_The task_: Transcribe exactly, and without pictures, only the lines from the one bearing "Gazetka Kaufland, strona 7 z 28" through the final line of the data below.

_The data_:
-.-.-
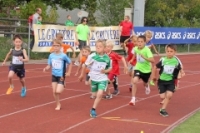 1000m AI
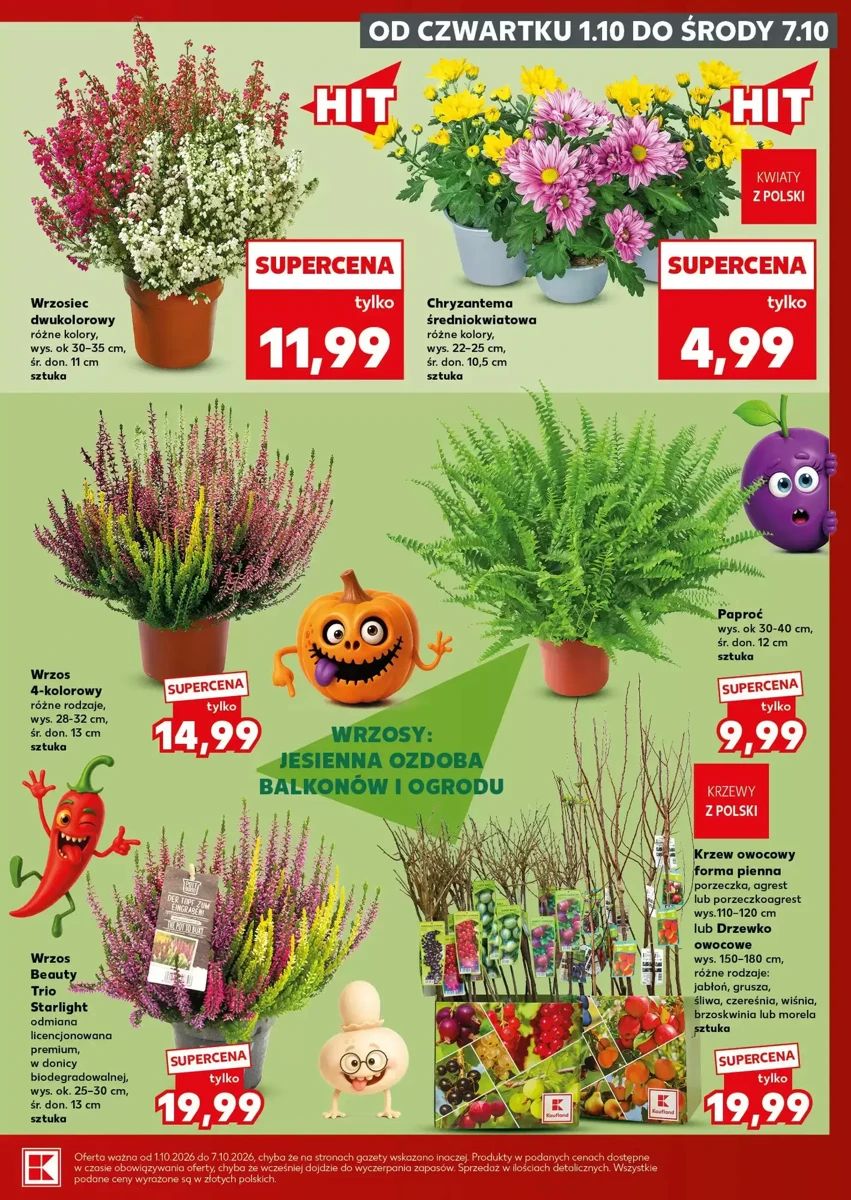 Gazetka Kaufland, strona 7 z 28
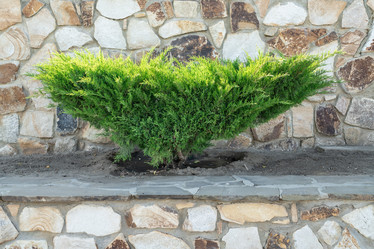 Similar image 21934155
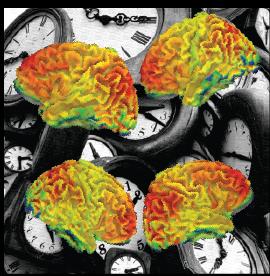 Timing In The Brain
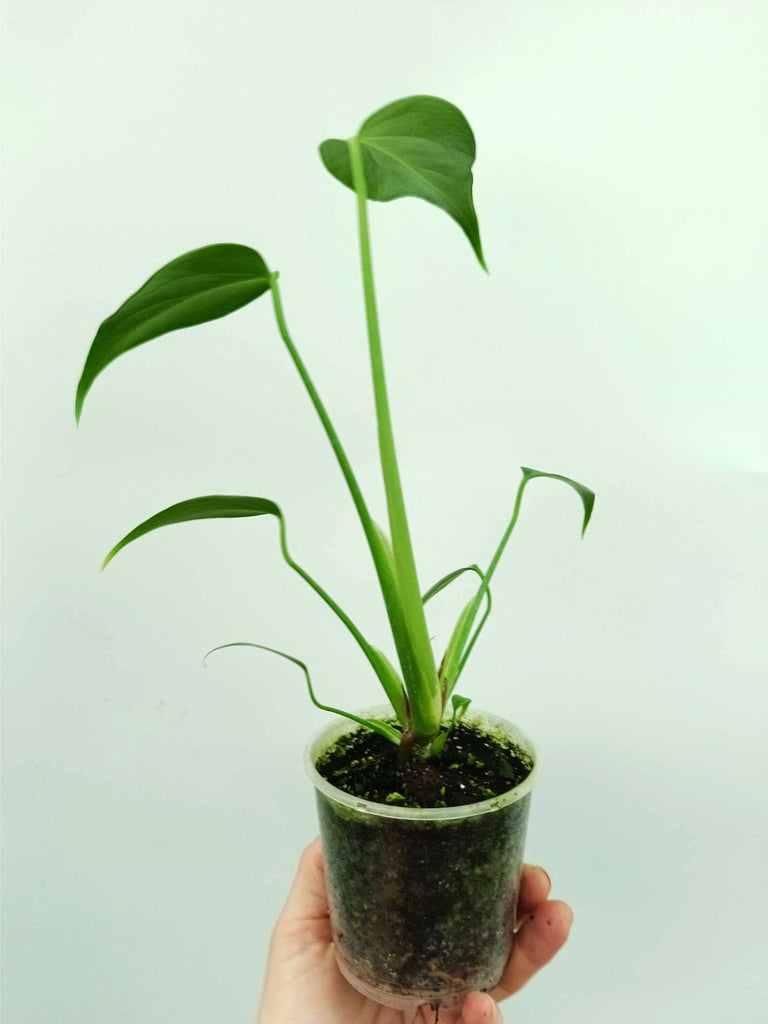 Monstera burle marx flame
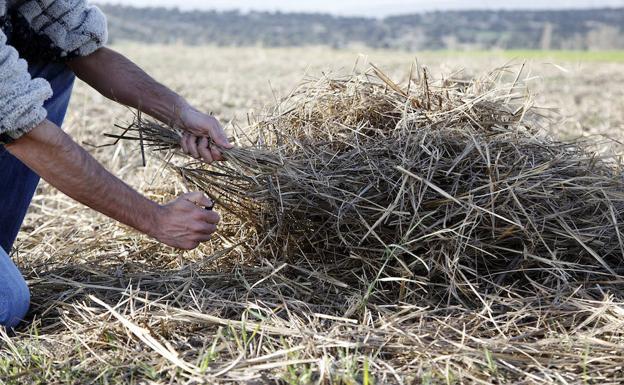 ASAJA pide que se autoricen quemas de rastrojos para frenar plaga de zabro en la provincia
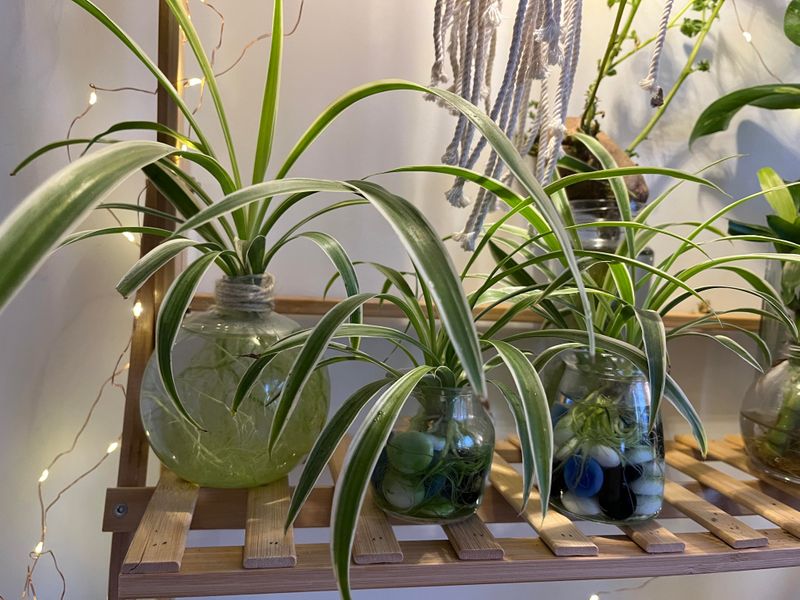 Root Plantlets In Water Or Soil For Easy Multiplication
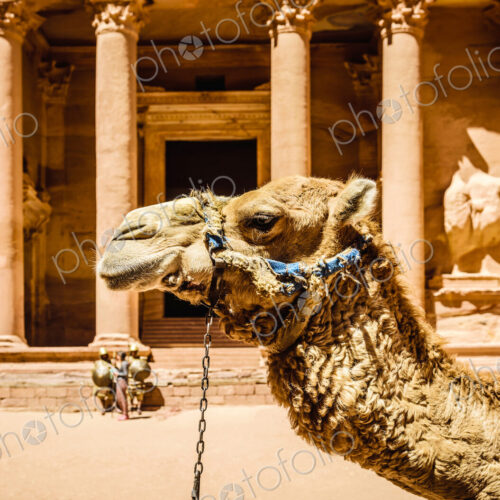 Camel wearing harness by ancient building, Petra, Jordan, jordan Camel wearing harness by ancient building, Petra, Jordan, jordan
-.-.-
_Answer box_:
 Gazetka Kaufland, strona 7 z 28
 Similar image 21934155
 Timing In The Brain
 Monstera burle marx flame
 ASAJA pide que se autoricen quemas de rastrojos para frenar plaga de zabro en la provincia
 Root Plantlets In Water Or Soil For Easy Multiplication
 Camel wearing harness by ancient building, Petra, Jordan, jordan Camel wearing harness by ancient building, Petra, Jordan, jordan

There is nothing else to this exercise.